An entry most of you have never seen, from 2002, from earliest days of my Open Diary almost three years ago. Revised and posted here to LiveJournal for the first time, appropriate -- most appropriate, I think -- for this day of days. Enjoy. :-)
Winter 2002
Across a great expanse of mirror-polished wooden floor, with great glass windows rising into the rafters of the ornate ballroom, two lines, one of men, one of women, listened carefully as the instructor made his points. Slow...slow...quick, quick! he said pointedly, as his feet traced out with his partner the steps of the American Foxtrot. On the quick-quick --step together! But as I watched our instructor, in the corner of my eye I first saw the other gentleman....
A few people down, he stood there, a physican on staff at the medical center, a Chinese-American man about my height, dressed much like me, glasses similar to mine; enough things in feature grossly similar that he arguably could have been a cousin or even brother, enough closeness to me to cause me a mental double-take. In the moment I first really noticed him, he looked mischeviously at his partner, standing in the women's line across the floor. Like some remote signal had been passed, at that moment she looked right at him.
Again, the instructor continued, his back to us, the side-step should be no wider than your partner's hips!
The physican grined evilly. He then aped a h-u-g-e step sideways. She saw it, she laughed, did a little mock pout; he put his hands together and looked towards the ceiling like "Who me? Innocent little me?"; she did her mock pout again, this time giving a little stamp of her foot; he blew her a kiss and she blew it back, silently laughing. The whole exchange without a word, without a sound, across an open space of thirty feet that for them, might as well been nothing.
It wasn't that the two of them danced well together --noone did, this being an introductory lesson for rank beginners. It wasn't that their feet didn't trip over each other or they didn't miss steps --for they did both in spades, like everyone else. What it was, as I watched the young physican and the young woman dancing with him together across the rest of the evening, was that there was this connection, this intangible thing between them, a joy, a simple mischevious shared secret, a quiet silliness, the way one could make the other laugh with just a gesture, or a certain face...
Later that night I was punching away at the terminal in my lab, phone slung over a shoulder on med business with a MD/PhD friend of mine. Rapid-fire coverage of a dozen projects at once, meeting after meeting, questions, answers, plans, thoughts, a million miles an hour worth of things he had on his plate...
"My word, you're really enjoying yourself, aren't you?" I commented at one point.
"Hey, this is great! This is what I've always dreamed of doing!" he replied back, excitedly.
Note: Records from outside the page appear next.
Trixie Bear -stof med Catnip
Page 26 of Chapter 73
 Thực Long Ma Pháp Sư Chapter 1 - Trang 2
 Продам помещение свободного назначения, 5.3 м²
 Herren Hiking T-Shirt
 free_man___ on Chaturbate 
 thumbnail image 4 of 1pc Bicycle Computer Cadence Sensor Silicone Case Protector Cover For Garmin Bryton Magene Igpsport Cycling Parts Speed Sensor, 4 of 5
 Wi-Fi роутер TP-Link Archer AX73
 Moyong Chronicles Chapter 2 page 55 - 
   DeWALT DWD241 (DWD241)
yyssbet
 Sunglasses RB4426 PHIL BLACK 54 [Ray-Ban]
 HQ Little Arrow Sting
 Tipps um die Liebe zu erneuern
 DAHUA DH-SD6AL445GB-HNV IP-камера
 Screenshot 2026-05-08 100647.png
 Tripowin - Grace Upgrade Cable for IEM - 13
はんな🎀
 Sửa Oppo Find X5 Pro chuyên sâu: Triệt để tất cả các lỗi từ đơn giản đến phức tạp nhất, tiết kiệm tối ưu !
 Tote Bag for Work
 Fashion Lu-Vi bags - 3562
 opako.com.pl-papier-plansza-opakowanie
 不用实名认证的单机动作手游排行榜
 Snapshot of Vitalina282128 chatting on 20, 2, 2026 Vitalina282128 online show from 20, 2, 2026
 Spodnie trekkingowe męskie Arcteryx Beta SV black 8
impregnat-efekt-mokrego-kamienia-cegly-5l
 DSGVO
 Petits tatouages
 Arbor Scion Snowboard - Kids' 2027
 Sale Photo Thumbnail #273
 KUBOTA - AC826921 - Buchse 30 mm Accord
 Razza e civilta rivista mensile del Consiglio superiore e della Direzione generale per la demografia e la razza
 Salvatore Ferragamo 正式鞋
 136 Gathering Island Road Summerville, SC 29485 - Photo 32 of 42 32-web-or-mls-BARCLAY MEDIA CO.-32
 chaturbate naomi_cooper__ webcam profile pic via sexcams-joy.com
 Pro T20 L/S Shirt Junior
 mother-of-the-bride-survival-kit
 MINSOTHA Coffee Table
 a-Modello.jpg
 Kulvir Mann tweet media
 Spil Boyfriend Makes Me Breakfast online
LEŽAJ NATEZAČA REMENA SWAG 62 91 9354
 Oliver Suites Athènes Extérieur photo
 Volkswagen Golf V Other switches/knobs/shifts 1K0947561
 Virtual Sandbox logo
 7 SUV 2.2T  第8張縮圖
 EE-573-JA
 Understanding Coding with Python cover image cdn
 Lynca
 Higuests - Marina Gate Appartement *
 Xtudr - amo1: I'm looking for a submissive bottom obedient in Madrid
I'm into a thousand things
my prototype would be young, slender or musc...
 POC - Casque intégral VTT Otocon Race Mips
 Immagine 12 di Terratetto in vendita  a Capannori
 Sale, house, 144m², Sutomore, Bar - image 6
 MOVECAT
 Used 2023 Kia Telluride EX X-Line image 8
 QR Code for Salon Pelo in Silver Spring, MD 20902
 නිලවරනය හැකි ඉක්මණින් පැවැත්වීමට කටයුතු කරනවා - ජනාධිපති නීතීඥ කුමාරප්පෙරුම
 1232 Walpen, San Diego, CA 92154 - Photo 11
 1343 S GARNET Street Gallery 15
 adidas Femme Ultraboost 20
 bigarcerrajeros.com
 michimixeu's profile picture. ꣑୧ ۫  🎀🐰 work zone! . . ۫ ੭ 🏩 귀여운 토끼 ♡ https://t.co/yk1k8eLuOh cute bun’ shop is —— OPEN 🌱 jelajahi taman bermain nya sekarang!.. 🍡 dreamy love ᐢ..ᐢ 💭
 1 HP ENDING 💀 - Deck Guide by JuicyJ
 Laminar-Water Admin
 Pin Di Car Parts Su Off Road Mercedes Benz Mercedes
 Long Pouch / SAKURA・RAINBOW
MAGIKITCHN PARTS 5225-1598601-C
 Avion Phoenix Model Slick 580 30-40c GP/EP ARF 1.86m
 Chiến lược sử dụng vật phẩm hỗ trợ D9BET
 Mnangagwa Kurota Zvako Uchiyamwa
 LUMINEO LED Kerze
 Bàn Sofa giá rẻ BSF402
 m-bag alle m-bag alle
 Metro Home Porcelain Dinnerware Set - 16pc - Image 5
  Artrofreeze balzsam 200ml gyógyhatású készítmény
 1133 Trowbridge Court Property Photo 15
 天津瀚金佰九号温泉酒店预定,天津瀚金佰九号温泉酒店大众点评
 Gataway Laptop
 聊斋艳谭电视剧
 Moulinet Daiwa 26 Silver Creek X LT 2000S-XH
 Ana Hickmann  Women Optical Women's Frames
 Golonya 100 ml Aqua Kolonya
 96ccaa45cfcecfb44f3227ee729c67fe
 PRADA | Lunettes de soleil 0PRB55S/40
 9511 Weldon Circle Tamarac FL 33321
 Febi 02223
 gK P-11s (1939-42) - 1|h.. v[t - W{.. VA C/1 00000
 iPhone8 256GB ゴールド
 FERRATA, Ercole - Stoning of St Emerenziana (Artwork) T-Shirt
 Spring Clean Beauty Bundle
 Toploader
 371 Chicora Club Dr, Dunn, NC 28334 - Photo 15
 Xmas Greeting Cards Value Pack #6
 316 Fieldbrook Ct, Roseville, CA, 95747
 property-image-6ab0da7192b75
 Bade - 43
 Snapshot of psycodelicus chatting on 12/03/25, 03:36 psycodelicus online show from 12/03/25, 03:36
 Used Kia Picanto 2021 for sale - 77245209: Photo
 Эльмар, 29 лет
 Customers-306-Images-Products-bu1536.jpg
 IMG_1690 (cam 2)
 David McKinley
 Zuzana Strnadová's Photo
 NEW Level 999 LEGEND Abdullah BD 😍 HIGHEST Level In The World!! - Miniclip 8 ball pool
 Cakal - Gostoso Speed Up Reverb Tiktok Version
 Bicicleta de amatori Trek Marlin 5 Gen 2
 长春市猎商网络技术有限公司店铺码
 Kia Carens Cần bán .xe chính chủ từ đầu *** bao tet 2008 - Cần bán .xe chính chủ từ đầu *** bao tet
"What about med school?" I teased.
I could almost see the grin over the phone. "You can't make your whole life your career --my dream was to be an activist, but you've got to do something else with the rest of your time, right? So I went to med school," he laughed.
"So how 'bout you, Turnberry?" he continued, "you want to live in the lab the rest of your life? You want to be NIH Director someday?" he kidded.
"Hell no," I laughed. "Boy, I'm not going to make my career my whole life either, you know."
"So what you want? What are *you* dreaming of?"
I laughed. To be honest, I already had -- have -- more than most people: a close and loving family; many wonderful friends; a chance to fight, on many fronts, for those I cared about the most, fight for something I could believe in and never regret. There really wasn't much more that any man could ask for. I was going to toss out an answer...and then it suddenly hit me. I knew *exactly* what there was still left to dream of in my heart of hearts...
...that fox-trot mangling physican. I didn't know what title he had, what service he was on; whether he was tenure or clinical track, specialist or generalist, paid high or low; not even his name. Only the way he could communicate to his partner something hilarious in just the way he held her hand, the tender kiss at the end of a promenade, the way his face lit up just seeing her re-enter the ballroom, or hers when he surprised her from behind. That's all I knew. That's all I needed to know. *That's* what I wanted.
He'd had to meet every challenge they throw at a would-be doctor, from pre-med all the way forward. To become faculty at a place like Michigan, he had to not just survive but excel, stand among the top of every list, first in every gauntlet, all along the way, with all the steel and strength of character required to achieve such a thing. Neither the diseases he fought nor the competition he faced would have brooked any mercy for personal weakness of any kind, and he had beat them all. And yet, despite being smart and tough enough to win, despite everything he had to have overcome to get to where he was, he still had a heart that could share a gentle and silly magic with the lady he loved. And if he could do that, maybe I could be that strong, that selfless, that gentle, that brave, too.
I smiled into the reciever of the phone cradled against my shoulder. "Friend, you'd never believe me if I told you."
A midnight scamper over rooftops. A dance with everyone watching. A song at the end of an Autumn day. These stories -- and many more stories, that I have had the privelege of telling: all really telling the same story:
The greatest thing / You'll ever learn / Is how to love / And be loved in return.